The Saudi plan to transform their economy, discussed in the following article, is too little and too late according to this article.
With my limited field of vision, I can realize that the Saudi plan requires transforming the outlook of most people in their country from what-do-I-absolutely-have-to-do-today government employees to self driven entrepreneurs is going to take a really, really long time. I don’t know how long that sort of massive transition in mind-set would take, but I know it is many years beyond what it will take to deplete their foreign reserves.
The kind of transition that has already taken place in geopolitics caused by what we are seeing in the oil market will take a long time to understand, according to the article.
In a sentence, the goal is to shift away from the government employing most people with most income coming from oil towards a vibrant private sector with diversified industry employing most people.
Most sobering comment in the linked article is an explanation that previous seven 5-year plans have emphasized building infrastructure, build human capital, and use the private sector to drive growth. If it hasn’t happened in the last 35 years, what would make it happen now?
The MDW article cites four reasons the plan won’t work:
it is an overblown mega-project scheme
it focuses on economics and discards political development
it superficially approaches the challenge of instilling virtues of achievement
it takes the generation of non-oil revenues as it ultimate goal
One of the most severe challenges, it seems to me, will be the need for massive change at the cultural level away from easy or no-show government jobs to a widespread entrepreneurial attitude.
Other massive changes in cultural will be required. Adopting the needed political changes will be painful.
3/13/17 – Reuters at Rigzone – Russian Oil Major Says US Shale Growth Imperials OPEC Deal – Rosneft, a major oil player in Russia, thinks that the increase in production from the US could lead to a renewed price war when the six-month production cut from OPEC comes to an end. Article quotes the company has estimated that there has been 90% compliance with the OPEC production cut.

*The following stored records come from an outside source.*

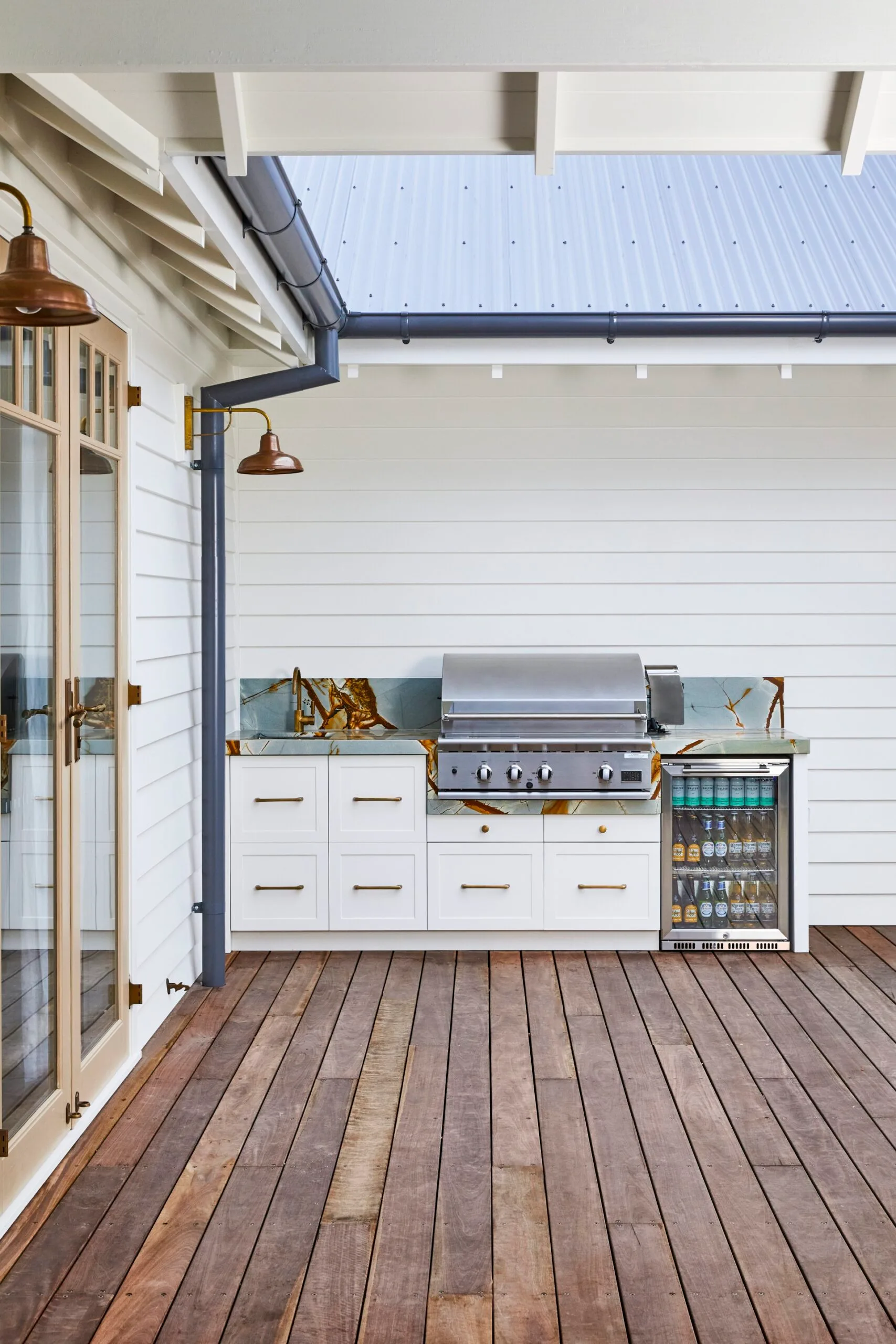 A deck area with an outdoor shower and outdoor kitchen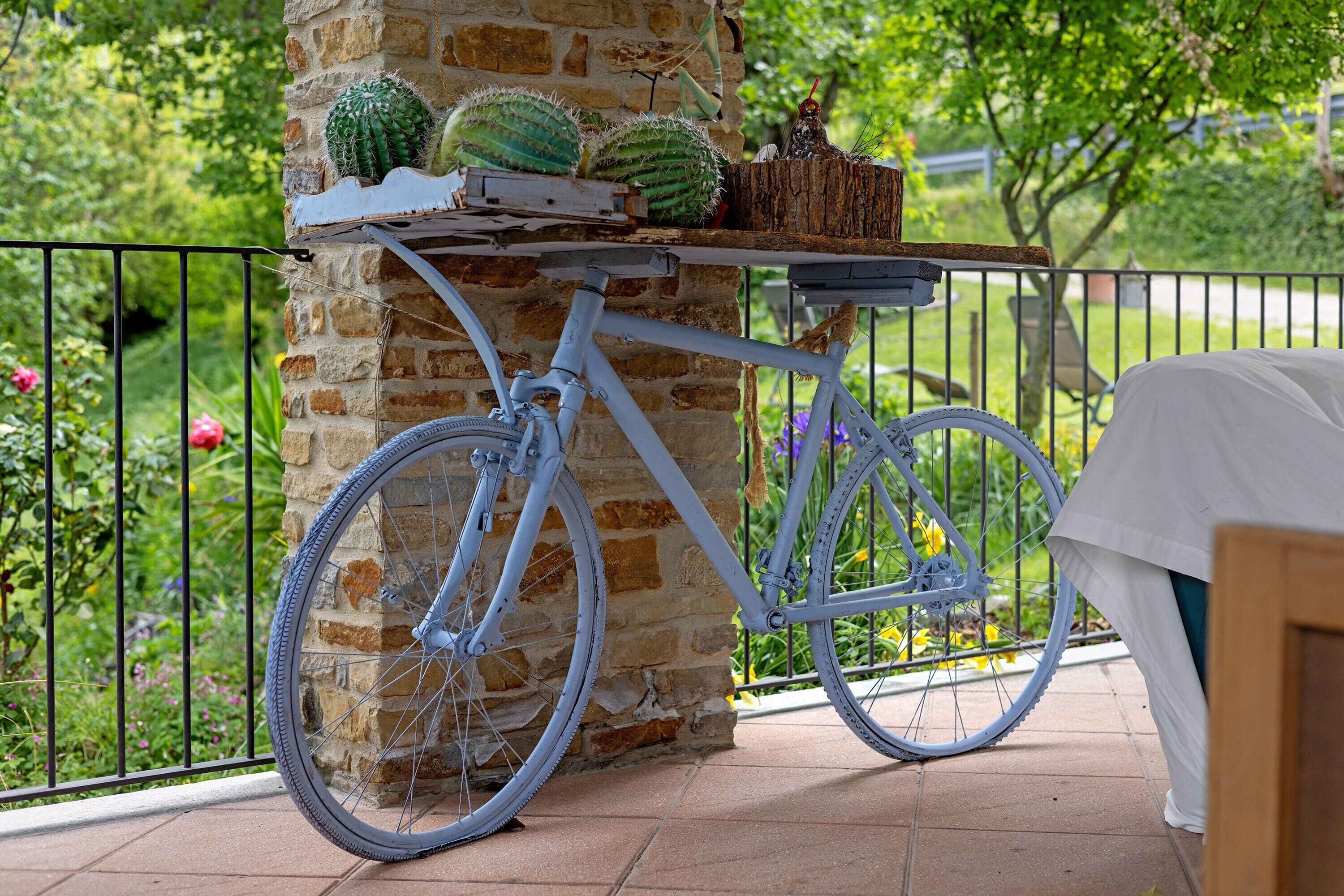 Una bicicleta estacionada junto a un muro de piedra con una cesta que contiene cactus.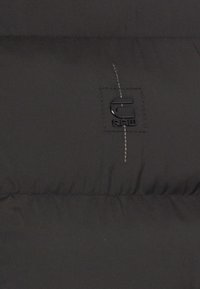 Giacca imbottita nera con finitura lucida, caratterizzata da cuciture a contrasto e una piccola toppa rettangolare con il logo "G-STAR RAW".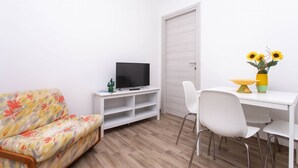Ein Zimmer mit einer Couch, einem Fernseher auf einem Schrank, einem Esstisch mit Stühlen und einer Tür.
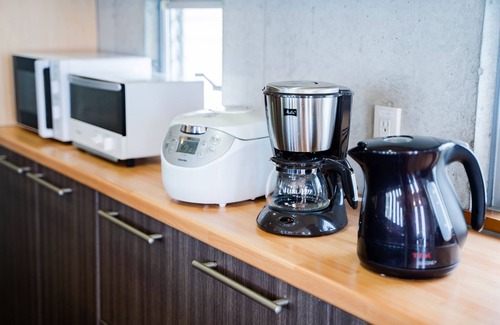 Kadena-cho Haus | EM tree house surrounding a healing tree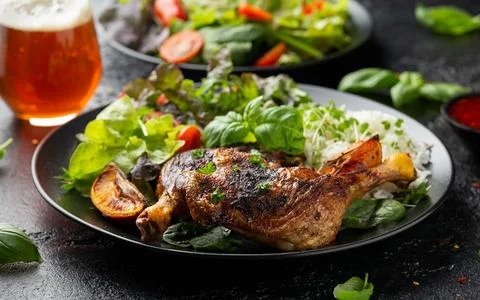Slow cooked aromatic duck legs with basmati rice and side salad served with Stock Photos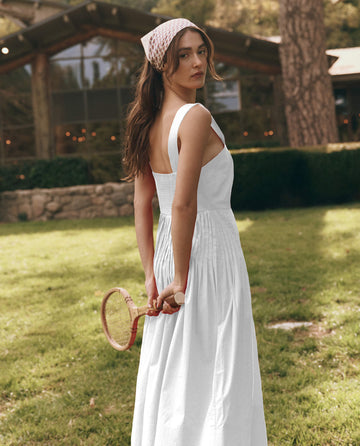 A woman in THE GREAT. SU25 Day Break Dress in white stands on grass, holding a wooden tennis racket behind her back, with a rustic building in the background, evoking timeless fashion charm.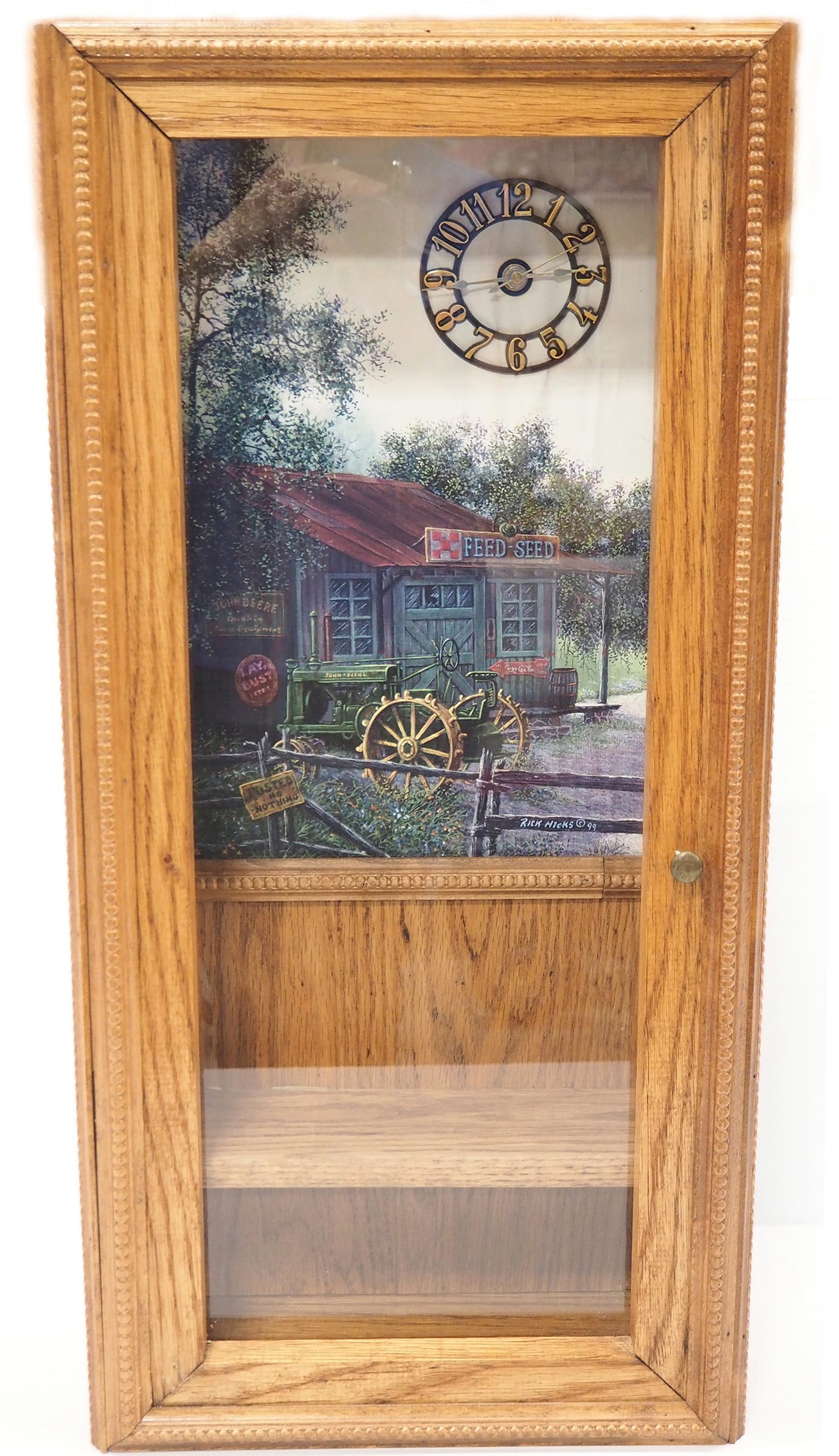 Display case with clock: Display case with clock and shelf inside 13" x 7" x 27"H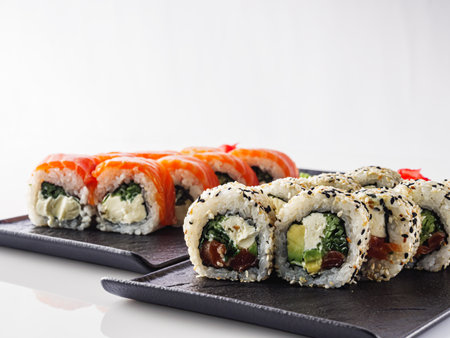 Fresh Sushi Rolls with Salmon and Tuna, Japanese Cuisine on a Gourmet Seafood Plate.の写真素材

3/14/17 – Ship and Bunker – Russia Warns of New Price War Due to US Shale Gains as Kuwait Calls for Extension of OPEC Production Cuts – Same coverage as previous article just mentioned. Speculation is Russia will increase production when the OPEC production cut expires in the middle of this year. Increasing production from the US means that agreement will likely not be extended.
3/19/17 – Bloomberg – Oil Drops as US Drilling Growth Threatens to Counter OPEC Cuts – Output of oil from American shale increased for the 10th month running. This is either offsetting or beginning to offset the production cuts from OPEC, depending on which article you read. As an expected result oil prices are dropping.
1/23/17 – Wall Street Journal – Halliburton Standing Firm on Price Increases – Interesting tidbit that is a commentary on state of fracking – Halliburton is working to pull back their heavy discounts of the last two years. If you don’t like their upwardly revised prices, find another vendor.
Even back in January there were signs that drilling activity was stepping up.